**ASSIGNMENT**: A faithful transcription of all lines below is the expected answer.

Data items
- Opening Delimiter -

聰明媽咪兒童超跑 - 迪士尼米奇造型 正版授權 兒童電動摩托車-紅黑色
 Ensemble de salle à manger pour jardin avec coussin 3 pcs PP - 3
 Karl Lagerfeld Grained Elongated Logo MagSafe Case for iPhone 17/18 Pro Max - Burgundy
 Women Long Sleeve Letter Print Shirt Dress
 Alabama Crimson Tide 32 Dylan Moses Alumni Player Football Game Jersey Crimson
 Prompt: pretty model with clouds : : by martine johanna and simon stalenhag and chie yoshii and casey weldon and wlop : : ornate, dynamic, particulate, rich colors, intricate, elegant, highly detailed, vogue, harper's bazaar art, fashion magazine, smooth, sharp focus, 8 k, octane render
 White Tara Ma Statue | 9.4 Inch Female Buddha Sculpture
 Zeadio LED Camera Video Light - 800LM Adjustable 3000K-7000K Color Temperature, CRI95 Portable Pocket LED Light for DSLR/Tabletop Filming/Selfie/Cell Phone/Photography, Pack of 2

- Closing Delimiter -

**ANSWER SECTION**:
聰明媽咪兒童超跑 - 迪士尼米奇造型 正版授權 兒童電動摩托車-紅黑色
 Ensemble de salle à manger pour jardin avec coussin 3 pcs PP - 3
 Karl Lagerfeld Grained Elongated Logo MagSafe Case for iPhone 17/18 Pro Max - Burgundy
 Women Long Sleeve Letter Print Shirt Dress
 Alabama Crimson Tide 32 Dylan Moses Alumni Player Football Game Jersey Crimson
 Prompt: pretty model with clouds : : by martine johanna and simon stalenhag and chie yoshii and casey weldon and wlop : : ornate, dynamic, particulate, rich colors, intricate, elegant, highly detailed, vogue, harper's bazaar art, fashion magazine, smooth, sharp focus, 8 k, octane render
 White Tara Ma Statue | 9.4 Inch Female Buddha Sculpture
 Zeadio LED Camera Video Light - 800LM Adjustable 3000K-7000K Color Temperature, CRI95 Portable Pocket LED Light for DSLR/Tabletop Filming/Selfie/Cell Phone/Photography, Pack of 2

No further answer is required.